| Data segment |
******
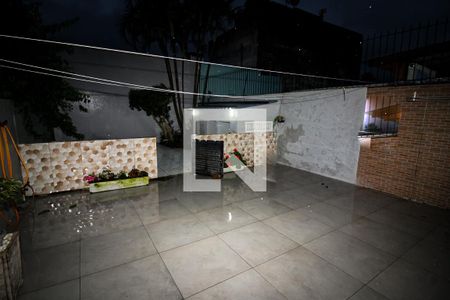 Casa para alugar com 300m², 3 quartos e 2 vagasQuintal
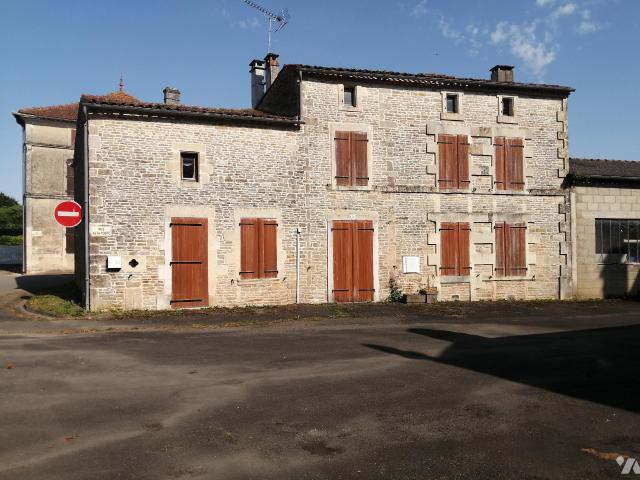 Maison vente à Confolens, Paizay-naudouin-embourie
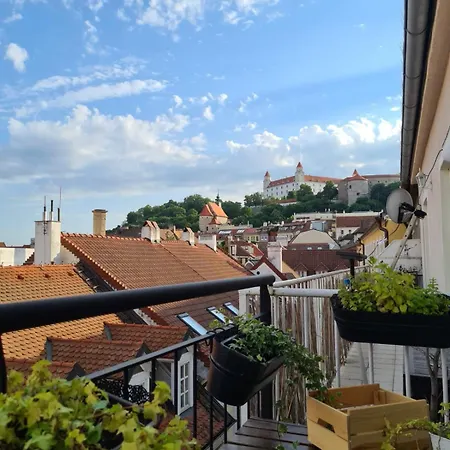 Apartment Bastova, Stela & Mia *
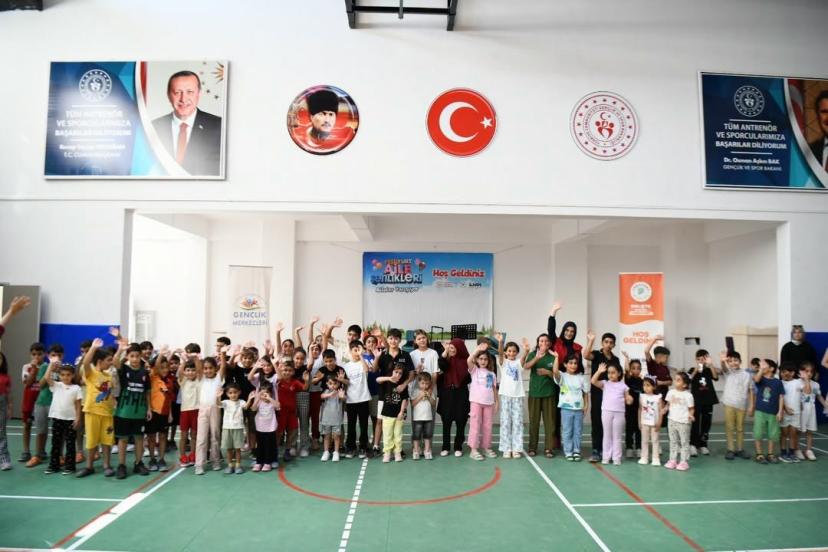 Yeşilyurt Aile Şenlikleri Melekbaba’da coşku ve neşeyle gerçekleştirildi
******
In full and without change, repeat the material above, minus the pictures.

| Your solution |
 Casa para alugar com 300m², 3 quartos e 2 vagasQuintal
 Maison vente à Confolens, Paizay-naudouin-embourie
 Apartment Bastova, Stela & Mia *
 Yeşilyurt Aile Şenlikleri Melekbaba’da coşku ve neşeyle gerçekleştirildi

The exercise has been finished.